'Doesn't make sense': Calls for major change to 'risky' quarantine scheme

Experts are questioning the suitability of housing returned travellers in high density cities following another quarantine breakdown as coronavirus infection rates across the globe continue to surge.

Health authorities in South Australia are scrambling to contain a growing cluster of infections after a cleaner is feared to have contracted the virus from a surface inside a medi-hotel putting up Australian residents returning from overseas.

The Peppers Hotel quarantine facility is located in Adelaide’s CBD. The cluster of cases is centred around the suburb of Parafield, 20km north, and has put the entire city of 1.3 million people on high alert.

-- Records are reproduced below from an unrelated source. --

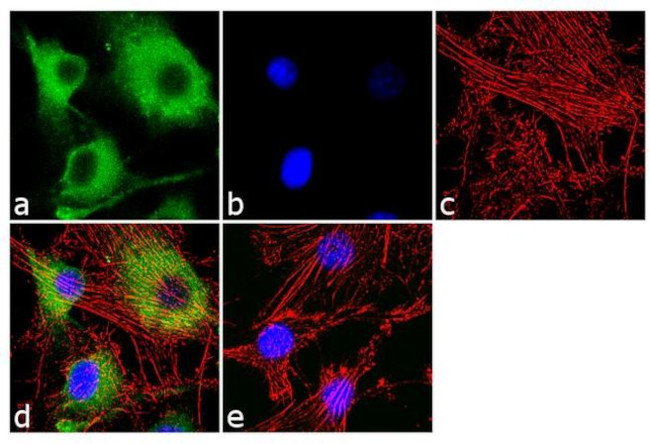 CaMKI Antibody in Immunocytochemistry (ICC/IF)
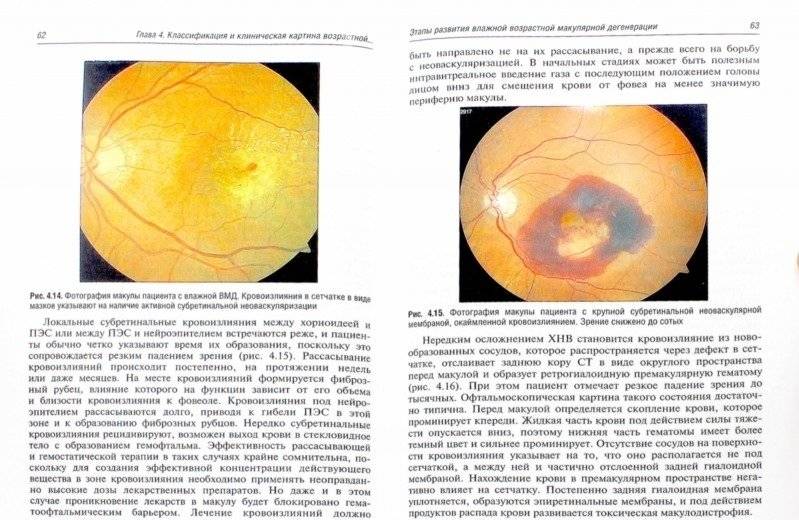 Возрастная макулярная дегенерация фото книги 2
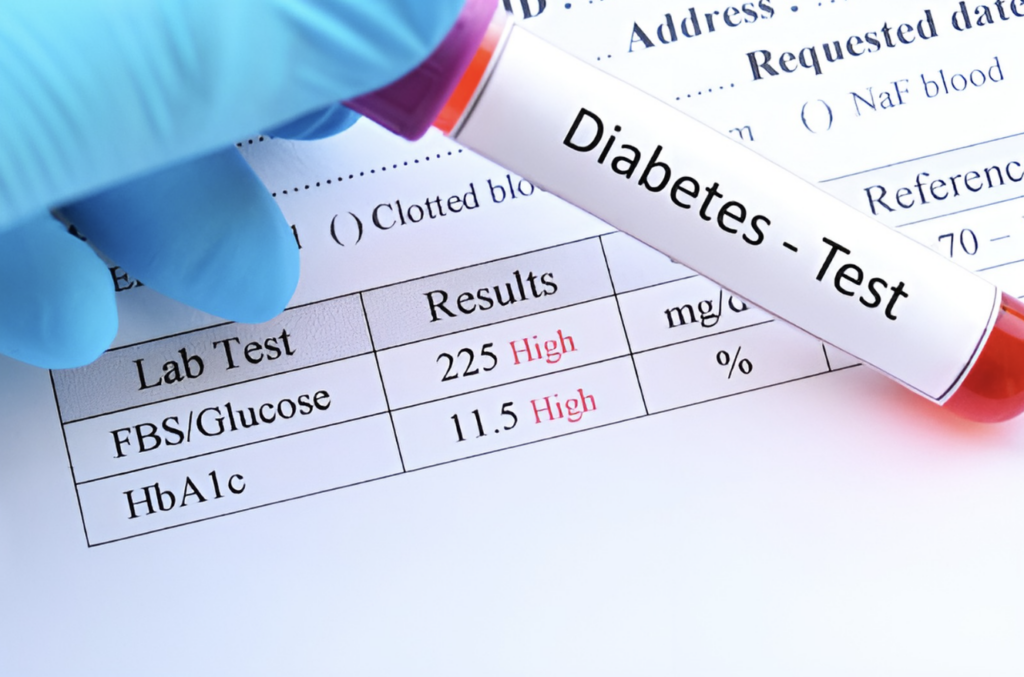 tests to diagnose diabetes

Peppers Hotel in Adelaide's CBD where the virus is believed to have leaked from. Source: Google Maps
Peppers Hotel in Adelaide's CBD where the virus is believed to have leaked from. Source: Google Maps

While there is no indication of a breach in protocol, the developing situation shares a striking resemblance to the hotel quarantine failing in Melbourne which led to a devastating second wave in the city and an unprecedented lockdown for five million people.

Epidemiologist Adrian Esterman at the University of South Australia, who was previously at the World Health Organisation, said regardless of how strong protocols are, it is inevitable the virus will “leak out” from the facilities.

“One of the questions that remains is while we are having these quarantine places, why are we having these quarantine places in the middle of cities?” he told ABC Breakfast on Wednesday.

“[It] doesn't make a lot of logical sense... it is a risky place.”

People queue in Adelaide for Covid tests. Source: Getty
Testing sites across Adelaide have been overwhelmed with people seeking Covid-19 tests. Source: Getty

Alternatives to city quarantine hotels

Professor Esterman said it would “make much more sense” to move quarantine facilities to remote locations during a time Prime Minister Scott Morrison looks to fulfil a commitment of bringing more than 20,000 Australians home before Christmas.

Professor Archie Clements, epidemiologist and pro vice-chancellor of the Faculty of Health Sciences at Curtin University, says Australia needs to think of “innovative” ways to reduce the risk to the public.

“If you look at what we did in Western Australia with the cruise ships and utilising Rottnest Island, I think innovative solutions like that [are needed],” he told Yahoo News Australia.

“The Northern Territory is also an opportunity as they’ve got an airport with facilities nearby where they can house large numbers of people.

Cruise ship passengers taken to Rottnest Island in April for quarantine. Source: Getty
Cruise ship passengers taken to Rottnest Island in April for quarantine. Source: Getty

“We’ve got to look at strategies like that if we want to move large numbers of people back.”

Prof Esterman suggested Christmas Island, which was utilised to bring back Australians from Wuhan at the beginning of the pandemic, could also be used.

Epidemiologist predicts breakdown just weeks earlier

Two weeks before South Australia’s outbreak, Prof Clements predicted Australia would suffer a further breakdown in biosecurity at one of the nation’s quarantine facilities.

However he predicted health authorities are capable of pouncing on outbreaks and said the nation will go through a repeated cycle until a vaccine emerges.

“It may happen on multiple occasions, it might be that we eradicate it and then there’s a breakdown by biosecurity, there’s an outbreak, we get on top of it and then we eradicate it again,” he said.

“That pattern is highly likely I’d say until there’s high levels of population immunity as a result of a vaccine.”